Given data:
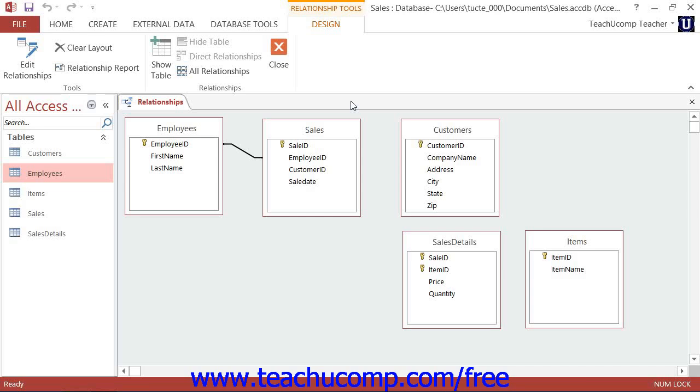It ensures that every unique value within the related field in the child table, or the many table within a one-to-many join, has a corresponding value to which it is related in its parent table, or the one table in a one-to-many join.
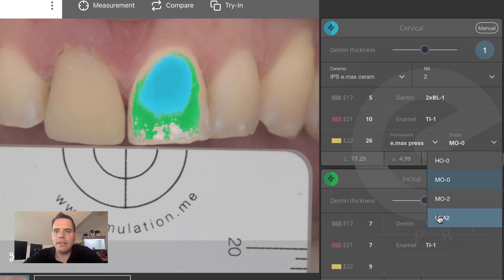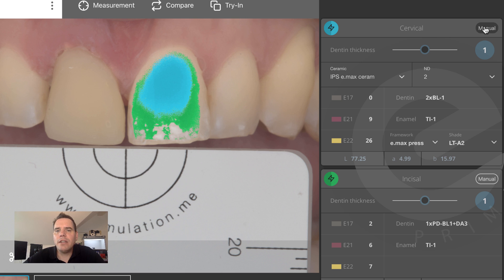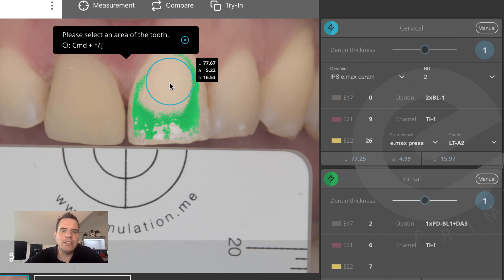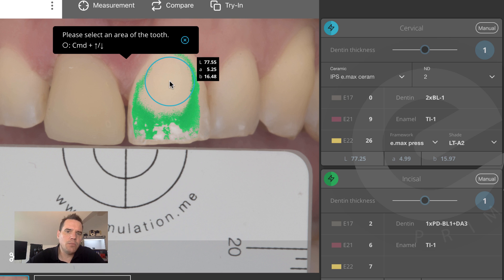Another thing we did, upon popular request, is we brought back the functionality of the ElabPilot. To activate this, all you have to do is click on the manual button here, and then as you move your cursor into the image you are now measuring LAB values again, just like in the old Lightroom days. You can vary the size of the measurement aperture by holding down the command key and pressing the arrow up key to make it bigger, or the arrow down key to make it smaller.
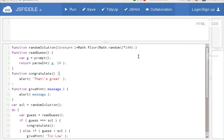Okay. So that's it for the first tutorial of JavaScript. Thank you.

The task: What you return should be the whole listing, word for word, without its pictures.

Response box:
It ensures that every unique value within the related field in the child table, or the many table within a one-to-many join, has a corresponding value to which it is related in its parent table, or the one table in a one-to-many join.
Another thing we did, upon popular request, is we brought back the functionality of the ElabPilot. To activate this, all you have to do is click on the manual button here, and then as you move your cursor into the image you are now measuring LAB values again, just like in the old Lightroom days. You can vary the size of the measurement aperture by holding down the command key and pressing the arrow up key to make it bigger, or the arrow down key to make it smaller.
Okay. So that's it for the first tutorial of JavaScript. Thank you.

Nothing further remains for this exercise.